The State was granted discretionary review of the district court’s grant of the defendant’s motion to suppress evidence of his alcohol concentration based on an alleged violation of Iowa Code section 804.20 (2007). We reverse and remand.

At approximately 2:14 a.m. on July 14, 2007, Jasper County Deputy Sheriff Travis Stout stopped a vehicle driven by McKibbin after observing it “swerving on the wrong side of the highway.” McKibbin failed three field sobriety tests, and a preliminary breath test indicated his alcohol concentration exceeded the legal limit. Deputy Stout arrested McKibbin for operating while intoxicated (OWI) and transported him to the Jasper County jail.

After arriving at the jail, Deputy Stout read McKibbin the implied consent advisory and asked if he would submit to a chemical test. McKibbin asked to speak with Eric Nation, a lieutenant with the Jasper County Sheriff’s office. Deputy Stout advised McKibbin he needed to continue “reading the rest of these forms [to McKibbin] first” and then advised him of additional matters, including his “right to contact an attorney or family member of his choice before making any decisions whether or not to give a breath test.” McKibbin again asked to call Eric Nation. Lieutenant Nation is neither related to McKibbin nor is he an attorney. McKibbin described Nation as “a friend.”

After McKibbin’s second request to call Nation, Deputy Aaron Groves advised McKibbin he could not call Nation but could only call an attorney or family member.

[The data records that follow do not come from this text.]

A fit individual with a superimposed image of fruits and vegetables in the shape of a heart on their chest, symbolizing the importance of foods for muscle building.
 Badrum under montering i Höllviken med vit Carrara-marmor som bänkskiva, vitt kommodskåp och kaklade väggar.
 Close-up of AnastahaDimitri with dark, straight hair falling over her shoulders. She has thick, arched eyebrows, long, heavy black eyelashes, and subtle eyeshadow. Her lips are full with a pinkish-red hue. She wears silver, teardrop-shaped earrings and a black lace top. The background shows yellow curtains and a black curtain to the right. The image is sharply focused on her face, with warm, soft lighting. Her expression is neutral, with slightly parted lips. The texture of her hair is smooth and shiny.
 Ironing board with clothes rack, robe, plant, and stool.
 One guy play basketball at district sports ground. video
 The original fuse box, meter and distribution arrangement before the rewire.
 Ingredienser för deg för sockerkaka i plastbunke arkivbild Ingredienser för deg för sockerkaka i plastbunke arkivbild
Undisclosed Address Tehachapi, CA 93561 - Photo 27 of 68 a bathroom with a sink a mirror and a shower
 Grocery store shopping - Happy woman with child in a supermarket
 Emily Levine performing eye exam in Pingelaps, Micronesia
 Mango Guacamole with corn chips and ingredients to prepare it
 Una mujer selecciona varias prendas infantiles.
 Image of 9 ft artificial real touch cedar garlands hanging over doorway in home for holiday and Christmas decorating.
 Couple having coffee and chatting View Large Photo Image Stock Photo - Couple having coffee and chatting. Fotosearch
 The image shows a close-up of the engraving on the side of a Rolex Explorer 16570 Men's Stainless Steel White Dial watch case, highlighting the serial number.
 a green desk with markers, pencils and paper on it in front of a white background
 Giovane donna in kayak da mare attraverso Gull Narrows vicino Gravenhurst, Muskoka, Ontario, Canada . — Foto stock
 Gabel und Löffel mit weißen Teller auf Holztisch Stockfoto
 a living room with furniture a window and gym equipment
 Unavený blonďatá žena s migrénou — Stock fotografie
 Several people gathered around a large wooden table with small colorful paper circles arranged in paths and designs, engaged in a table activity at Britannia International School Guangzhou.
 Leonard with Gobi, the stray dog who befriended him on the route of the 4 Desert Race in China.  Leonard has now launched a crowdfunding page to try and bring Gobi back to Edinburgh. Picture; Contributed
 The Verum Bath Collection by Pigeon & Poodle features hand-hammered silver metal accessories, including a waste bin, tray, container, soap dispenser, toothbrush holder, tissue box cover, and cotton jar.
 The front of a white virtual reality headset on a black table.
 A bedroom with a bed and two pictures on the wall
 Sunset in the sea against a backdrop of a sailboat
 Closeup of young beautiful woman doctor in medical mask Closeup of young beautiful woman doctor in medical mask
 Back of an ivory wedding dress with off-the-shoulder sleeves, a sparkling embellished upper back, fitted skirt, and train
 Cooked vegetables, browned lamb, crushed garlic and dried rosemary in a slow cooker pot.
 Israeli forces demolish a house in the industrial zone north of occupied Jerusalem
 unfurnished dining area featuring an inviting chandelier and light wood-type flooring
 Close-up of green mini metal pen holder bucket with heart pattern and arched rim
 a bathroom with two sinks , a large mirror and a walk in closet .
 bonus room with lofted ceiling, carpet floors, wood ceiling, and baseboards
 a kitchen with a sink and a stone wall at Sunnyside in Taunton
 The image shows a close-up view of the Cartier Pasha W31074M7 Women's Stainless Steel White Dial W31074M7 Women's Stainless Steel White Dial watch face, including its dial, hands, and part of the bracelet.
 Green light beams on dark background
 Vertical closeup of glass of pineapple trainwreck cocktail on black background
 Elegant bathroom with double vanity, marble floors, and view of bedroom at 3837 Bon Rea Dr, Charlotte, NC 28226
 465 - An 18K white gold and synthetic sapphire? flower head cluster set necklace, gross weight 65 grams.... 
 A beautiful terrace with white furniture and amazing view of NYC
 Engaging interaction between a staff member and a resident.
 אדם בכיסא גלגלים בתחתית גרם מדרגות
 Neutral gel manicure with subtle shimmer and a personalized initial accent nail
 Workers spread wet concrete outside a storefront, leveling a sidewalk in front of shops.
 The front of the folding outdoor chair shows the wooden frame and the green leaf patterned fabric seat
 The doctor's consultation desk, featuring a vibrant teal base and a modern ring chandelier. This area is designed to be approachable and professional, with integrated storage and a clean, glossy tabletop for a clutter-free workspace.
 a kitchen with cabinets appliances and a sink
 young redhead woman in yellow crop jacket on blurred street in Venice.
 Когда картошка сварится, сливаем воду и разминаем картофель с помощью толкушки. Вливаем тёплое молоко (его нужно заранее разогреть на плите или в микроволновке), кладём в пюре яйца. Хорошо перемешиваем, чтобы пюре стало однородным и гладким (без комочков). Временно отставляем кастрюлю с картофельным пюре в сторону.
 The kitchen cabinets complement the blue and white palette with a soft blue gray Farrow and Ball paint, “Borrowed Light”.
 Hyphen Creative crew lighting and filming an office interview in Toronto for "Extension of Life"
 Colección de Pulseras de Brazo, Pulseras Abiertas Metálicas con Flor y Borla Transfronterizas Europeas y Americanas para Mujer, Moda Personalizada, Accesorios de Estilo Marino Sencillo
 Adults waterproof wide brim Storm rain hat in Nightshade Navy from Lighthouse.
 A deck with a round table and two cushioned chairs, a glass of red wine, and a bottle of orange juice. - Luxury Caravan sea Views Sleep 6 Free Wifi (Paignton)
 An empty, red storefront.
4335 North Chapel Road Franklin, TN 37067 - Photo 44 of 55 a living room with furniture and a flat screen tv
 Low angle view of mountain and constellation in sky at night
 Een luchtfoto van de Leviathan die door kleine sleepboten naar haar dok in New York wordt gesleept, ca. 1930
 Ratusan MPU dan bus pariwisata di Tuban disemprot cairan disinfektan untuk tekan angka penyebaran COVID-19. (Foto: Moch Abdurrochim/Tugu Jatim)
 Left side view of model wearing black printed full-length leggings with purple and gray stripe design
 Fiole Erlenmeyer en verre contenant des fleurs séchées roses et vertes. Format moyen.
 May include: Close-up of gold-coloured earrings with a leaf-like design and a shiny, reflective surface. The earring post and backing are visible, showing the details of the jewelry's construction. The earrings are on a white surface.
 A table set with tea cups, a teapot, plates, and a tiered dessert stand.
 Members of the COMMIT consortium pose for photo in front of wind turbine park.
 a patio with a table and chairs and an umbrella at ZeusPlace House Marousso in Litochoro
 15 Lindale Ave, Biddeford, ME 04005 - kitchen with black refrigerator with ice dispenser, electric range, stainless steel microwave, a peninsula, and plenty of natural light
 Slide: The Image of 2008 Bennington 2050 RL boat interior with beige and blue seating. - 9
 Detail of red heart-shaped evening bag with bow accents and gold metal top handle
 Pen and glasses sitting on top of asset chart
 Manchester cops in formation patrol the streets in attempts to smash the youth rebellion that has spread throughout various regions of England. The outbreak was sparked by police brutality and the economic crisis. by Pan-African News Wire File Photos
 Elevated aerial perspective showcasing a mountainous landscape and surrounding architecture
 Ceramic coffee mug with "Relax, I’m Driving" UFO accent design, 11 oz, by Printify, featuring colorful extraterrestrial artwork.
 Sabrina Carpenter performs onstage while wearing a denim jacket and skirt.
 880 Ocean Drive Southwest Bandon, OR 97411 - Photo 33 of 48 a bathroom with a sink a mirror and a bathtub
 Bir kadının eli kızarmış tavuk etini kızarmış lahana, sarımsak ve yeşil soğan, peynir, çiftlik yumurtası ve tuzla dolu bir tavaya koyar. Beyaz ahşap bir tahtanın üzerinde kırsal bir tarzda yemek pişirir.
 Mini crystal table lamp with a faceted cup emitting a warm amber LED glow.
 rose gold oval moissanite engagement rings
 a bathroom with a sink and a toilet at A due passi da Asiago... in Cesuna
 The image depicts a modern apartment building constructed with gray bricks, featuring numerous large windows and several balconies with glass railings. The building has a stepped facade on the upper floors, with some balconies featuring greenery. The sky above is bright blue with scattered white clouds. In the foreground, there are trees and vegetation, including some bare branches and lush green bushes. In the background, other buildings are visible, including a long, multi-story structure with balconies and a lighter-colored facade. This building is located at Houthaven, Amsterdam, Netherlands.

McKibbin subsequently called his cousin, assisted by Deputy Groves who provided a phone book and by Deputy Stout who allowed McKibbin to use his desk phone. After McKibbin finished his call, Stout asked if he wanted to make any additional phone calls and McKibbin responded in the negative. However, he refused to sign a telephone log indicating he did not want to make any more calls, indicating he still needed to make a call to Eric Nation. He was not allowed to call Nation. McKibbin made a fourth request to call Nation and Deputy Stout again told him he could not call Nation, he could call only a family member or an attorney. McKibbin then consented to a chemical test which indicated an alcohol concentration of .243.

The State charged McKibbin, by trial information, with OWI, first offense, in violation of Iowa Code section 321J.2 (2007). McKibbin filed a motion to suppress the result of his chemical testing, alleging a violation of his limited right to counsel before being required to submit to a chemical test under section 804.20. Following a hearing on the motion the district court granted McKibbin’s motion to suppress. In granting the motion, the district court interpreted Didonato v. Iowa Dep’t of Transp., 456 N.W.2d 367, 371 (Iowa 1990), as imposing

a duty on the arresting officers to inform the arrestee for what purpose of the phone call is permitted when an arrestee requests to call a friend. After giving such advice, if the arrestee insists to make the phone call, the arresting officer must honor the request.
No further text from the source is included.